━━━━━ Data shown
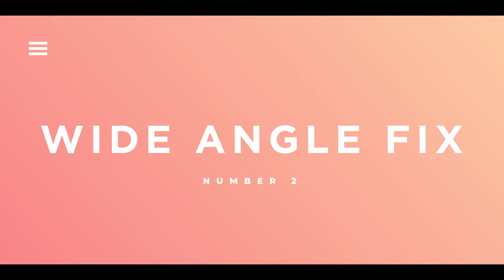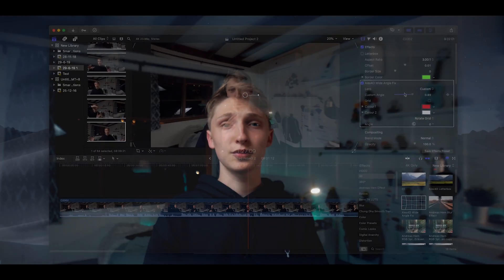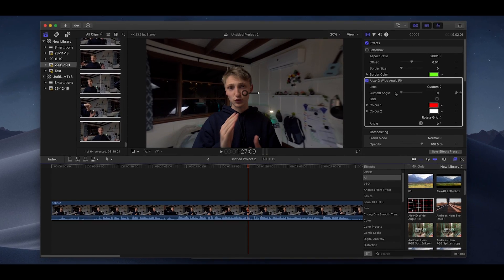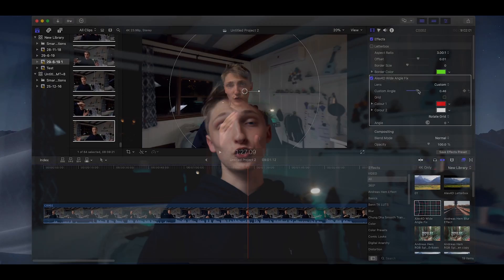For number four on our list, we've got the Alex 4D Wide Angle Fix plugin. I've actually made a full video on this plugin previously — it's on one of the iCards. Pretty much what this plugin does is get rid of barrel distortion in your videos — that kind of weird warping which you get on GoPro cameras or really wide angle lenses. It pretty much helps to repair and negate the effects of such a lens or camera. This plugin is completely free and super easy to install. If you want to learn more about it, check out the video linked in the description.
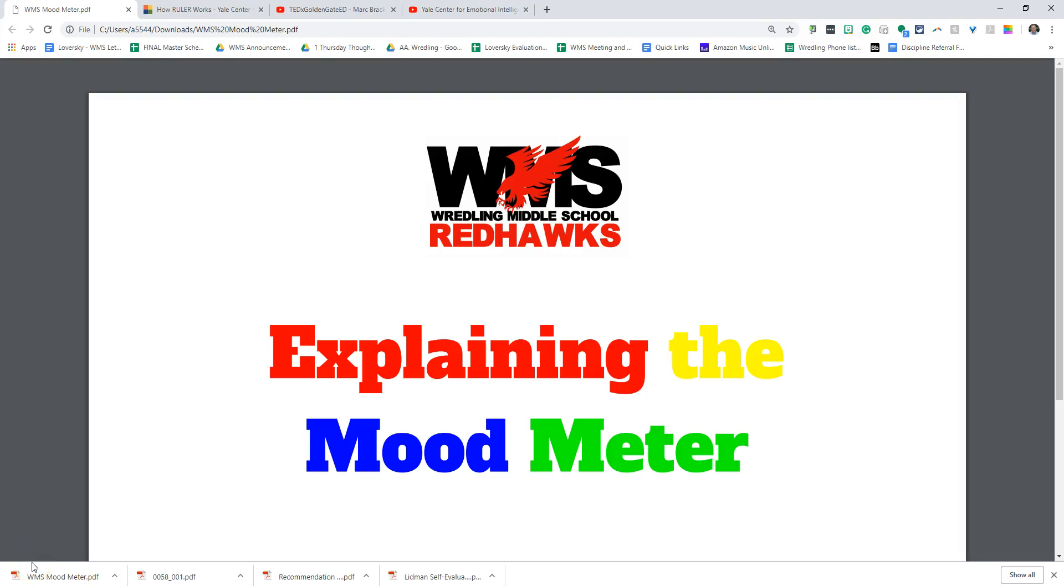Hello Redling parents. Tonight I want to spend a few minutes talking with you about the mood meter that we're doing here at Redling Middle School.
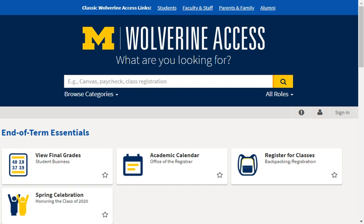Welcome to the Student Center Overview video. To begin, navigate your web browser to Wolverine Access.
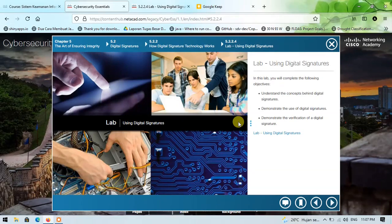Hello everybody, meet me again. I'm Andreas and this time I will discuss lab 5.2.2.4 on Cisco Cybersecurity Essentials course.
━━━━━━━━━━
Give an exact copy of the listing, without its pictures.

> **Exercise result**
For number four on our list, we've got the Alex 4D Wide Angle Fix plugin. I've actually made a full video on this plugin previously — it's on one of the iCards. Pretty much what this plugin does is get rid of barrel distortion in your videos — that kind of weird warping which you get on GoPro cameras or really wide angle lenses. It pretty much helps to repair and negate the effects of such a lens or camera. This plugin is completely free and super easy to install. If you want to learn more about it, check out the video linked in the description.
Hello Redling parents. Tonight I want to spend a few minutes talking with you about the mood meter that we're doing here at Redling Middle School.
Welcome to the Student Center Overview video. To begin, navigate your web browser to Wolverine Access.
Hello everybody, meet me again. I'm Andreas and this time I will discuss lab 5.2.2.4 on Cisco Cybersecurity Essentials course.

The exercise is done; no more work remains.